A story on page A14 of today’s New York Times appears to be at war with itself. Or perhaps the editor and writer are at war over what’s really important in the story. As this almost ludicrous tale unwinds, I think we’ll see an ideological prejudice fail at twisting a report into something it’s not—that is, for those readers who venture beyond the first three paragraphs of the article.
The story, by Sam Roberts, concerns a study of men and women ages 15 to 44 that was conducted by the National Center for Health Statistics (NCHS) using 2002 data. NCHS is part of the Centers for Disease Control (CDC).
The headline and the first paragraph serve as a warning to youthful damsels and gentlemen everywhere that cohabitation does not lead to marriage:
Study Finds Cohabiting Doesn’t Make a Union Last
Couples who live together before they get married are less likely to stay married, a new study has found. But their chances improve if they were already engaged when they began living together.
The likelihood that a marriage would last for a decade or more decreased by six percentage points if the couple had cohabited first, the study found.
In 13 of the remaining 14 paragraphs, Roberts quotes experts who disprove the point of the lead or cites other statistics from the study that are far more interesting than the fact that 6% more people divorce within a decade of marriage if they lived together before the blessed ceremony.
Roberts first uses two experts to deftly dismantle the premise of the lead. Michigan professor Pamela Smock points out that 6% is not that much. Then Cornell professor Kelly Musick digs deeper into the statistics to figure out what the body of facts in the survey is really telling us: “The figures suggest to me that cohabitation is still a pathway to marriage for many college graduates, while it may be an end in itself for many less educated women.”
There are so many interesting facts that Roberts tells us, including what to this former journalist was the real headline and lead: “that the proportion of women in their late 30s who had ever cohabited had doubled in 15 years, to 61 percent.”
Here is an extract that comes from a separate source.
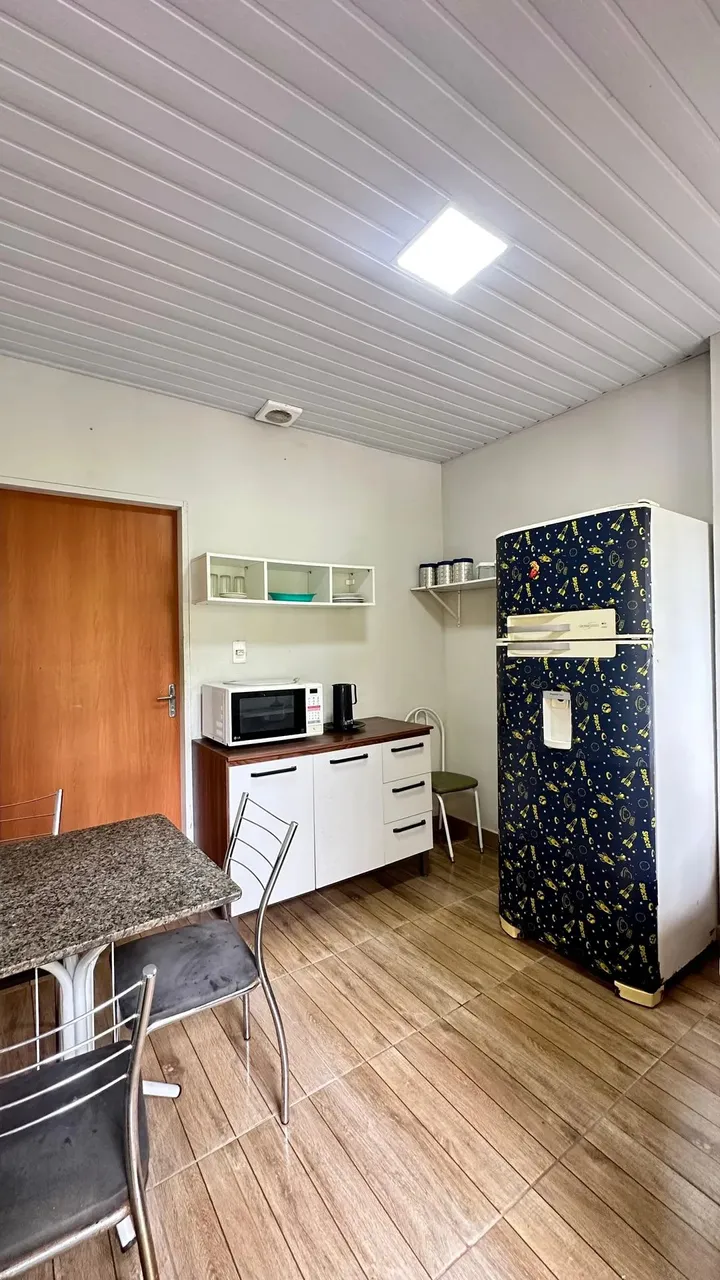 Alugo ótimo apartamento de 26m² mobiliado com varanda no bairro Japiim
Now the fact that cohabitation is now the norm and that it’s happened over the course of a mere 15 years: that to me is sizzling hot news. The fact that a mere 6% more of former cohabitants get divorced than those who waited until marriage to live together seems trivial in a world in which one-third of all marriages break up by the tenth year, also an amazing fact. For more amazing facts, read the story or go to the study.
The obvious question: why are the headline and lead of this story—the only well-read parts—so at odds with the rest of the article? It’s as if someone imposed the misleading headline on both the story and the facts.
We know it’s not NCHS or CDC. The study does not give any special significance or lead role to the 6% statistic anywhere in its abstract, executive summary or introduction. Moreover, neither the NCHS nor the CDC has yet issued a news release on the study (in which this statistic could have served as a lead or headline). Check out the news archives if you don’t believe me. It seems strange not to issue a news release, but I’m guessing that the federal government in this age of faith does not want to appear to be undermining marriage by stating that cohabitation is the norm.
We’ll never know, but I’m guessing that Roberts’ editor/editors and perhaps the headline writer, too, forced the misleading opening on the writer. And he/she/they did it for ideological reasons: to lead with the fact that promoted the advantages of waiting until marriage to live with your beloved, even if that advantage is minimal.
Most people only read the headline and first few paragraphs of news stories, so a good part of the literate world will get the wrong idea of what this survey says. They may never get to the earth-shaking news that cohabitation is now the new normal, which is to say that many more people try it than don’t sometime in their lives.
It was such a tactic by a writer or editor that 20 years ago created the completely false myth that women who don’t marry by 30 probably won’t. Behind both these manipulations stands the idea that marriage is the preferred state for all, all the time. It’s clear that the people disagree.